Arrivé dans la ville de Québec en septembre, Émile Bérubé-Lupien s’est étonné de cette situation. Après un baccalauréat en journalisme, l’équivalent québécois d’une licence, à l’Université du Québec à Montréal (UQAM), l’étudiant de 24 ans a choisi de quitter la métropole québécoise pour suivre le programme de maîtrise en journalisme, l’équivalent d’un master, à l’Université Laval. « À Montréal, on était presque tous Québécois. On étudiait principalement la réalité du marché de la presse dans la province. Ce qui m’a surpris ici, ce n’est pas que l’on soit aussi peu de Québécois, puisque cela reste une maîtrise en journalisme international. Mais c’est le fait qu’il y ait autant de Français et aussi peu de personnes venues d’ailleurs. »

Émile Bérubé-Lupien, arrivé de Montréal pour suivre la maîtrise en journalisme international à l’Université Laval, s’est surpris du nombre important de Français engagés dans ce programme. ©Agathe Harel

Une volonté d’attirer les étudiants internationaux

Alors comment expliquer cette forte présence française en maîtrise de journalisme ? Henri Assogba, lui-même originaire du Bénin et diplômé de l’université de Lyon, enseigne l’actualité internationale aux étudiants de second cycle depuis 2012. Pour lui, la réponse à cette question réside dans l’origine même de la maîtrise : « Le programme existe depuis plus d’une vingtaine d’années. Il découle d’une volonté des écoles de journalisme de collaborer, à travers le réseau Théophraste, qui rassemble les centres de formation en journalisme au sein de la francophonie. Cela a permis à l’université de signer des accords de partenariats avec un certain nombre d’écoles à travers le monde. Donc la base même de cette filière, c’est l’ouverture à l’international. »

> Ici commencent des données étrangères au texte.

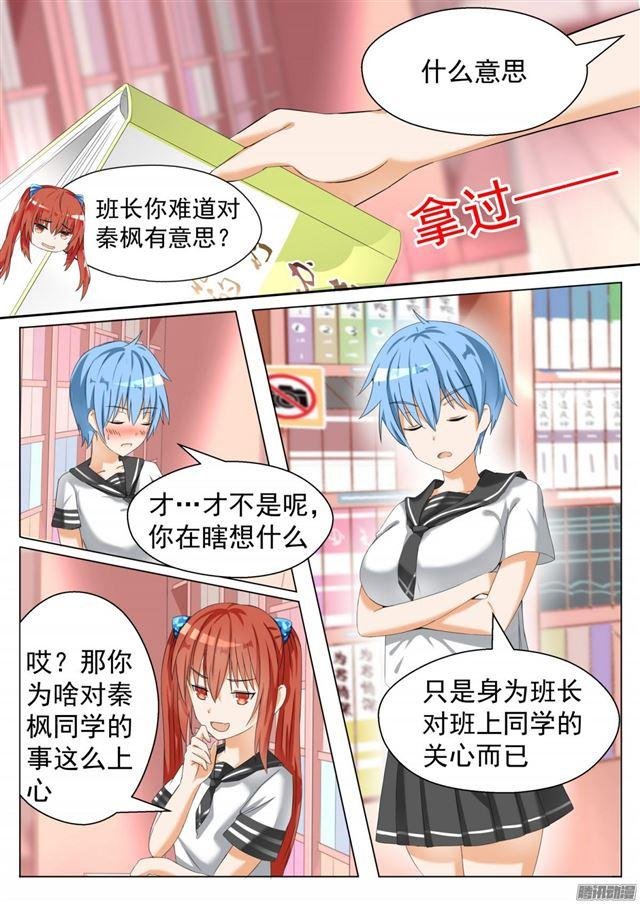 第79话 给里给气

Outre les objectifs affirmés de la maîtrise de journalisme d’attirer des étudiants étrangers, d’autres facteurs s’immiscent dans ce schéma pour expliquer la présence massive des étudiants français. Depuis quelques années, le nombre de jeunes internationaux venus étudier dans la province explose. Alors qu’en 2009, on comptait moins de 25 000 inscriptions étrangères dans les universités québécoises, selon le Bureau de coopération interuniversitaire (BCI), c’est plus de 50 000 inscriptions qui ont été enregistrées en 2019. Cette hausse significative s’explique en partie par la politique anti-migratoire menée aux États-Unis, qui a incité de nombreux jeunes internationaux à se rabattre sur le Canada.

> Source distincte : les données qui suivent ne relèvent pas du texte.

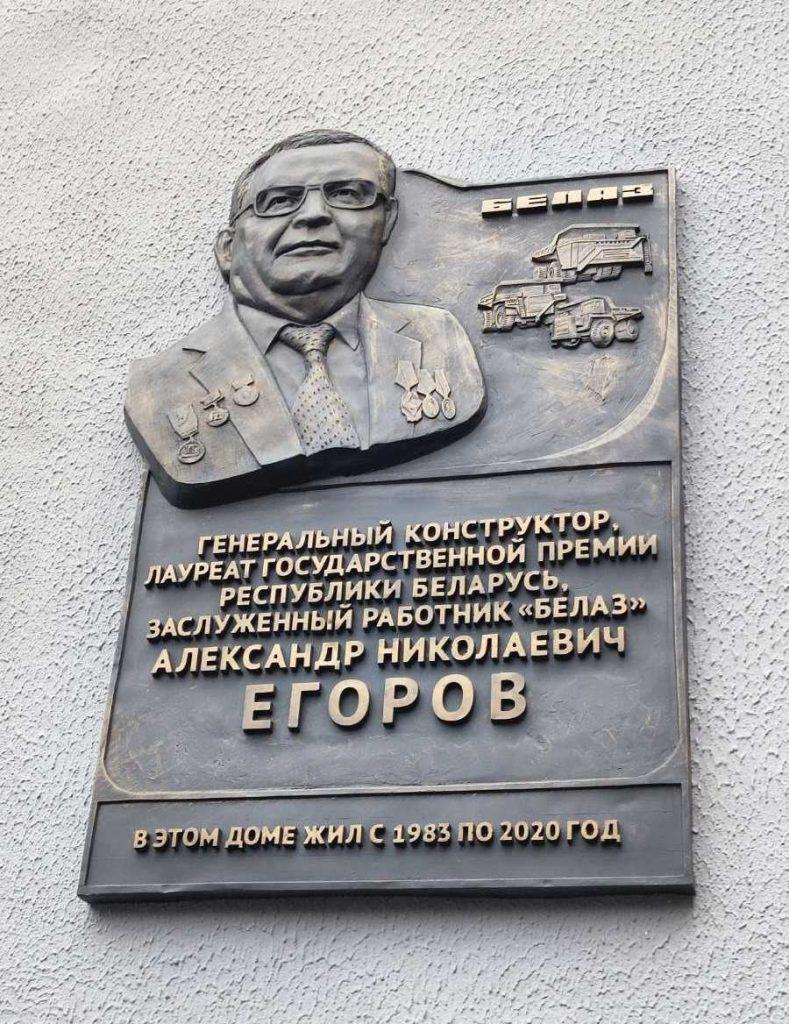 Егоров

Une population étudiante québécoise en baisse

D’un autre côté, les inscriptions d’étudiants Québécois à l’université ne cessent de ralentir. En 2016, un rapport du ministère de l’Éducation et de l’Enseignement Supérieur alertait sur une potentielle chute de la population étudiante dans les universités québécoises. Dans ses conclusions, le rapport insiste sur la baisse probable du nombre d’étudiants québécois au cours des prochaines années. En 2016, 191 831 jeunes Québécois étudiaient dans une université au Québec. Selon les estimations du ministère, ils ne seraient plus que 179 624 à l’horizon de 2026, soit une diminution de plus de 6 %.

Cela fait une dizaine d’années que l’on a remarqué un ralentissement de la clientèle québécoise parmi les étudiants.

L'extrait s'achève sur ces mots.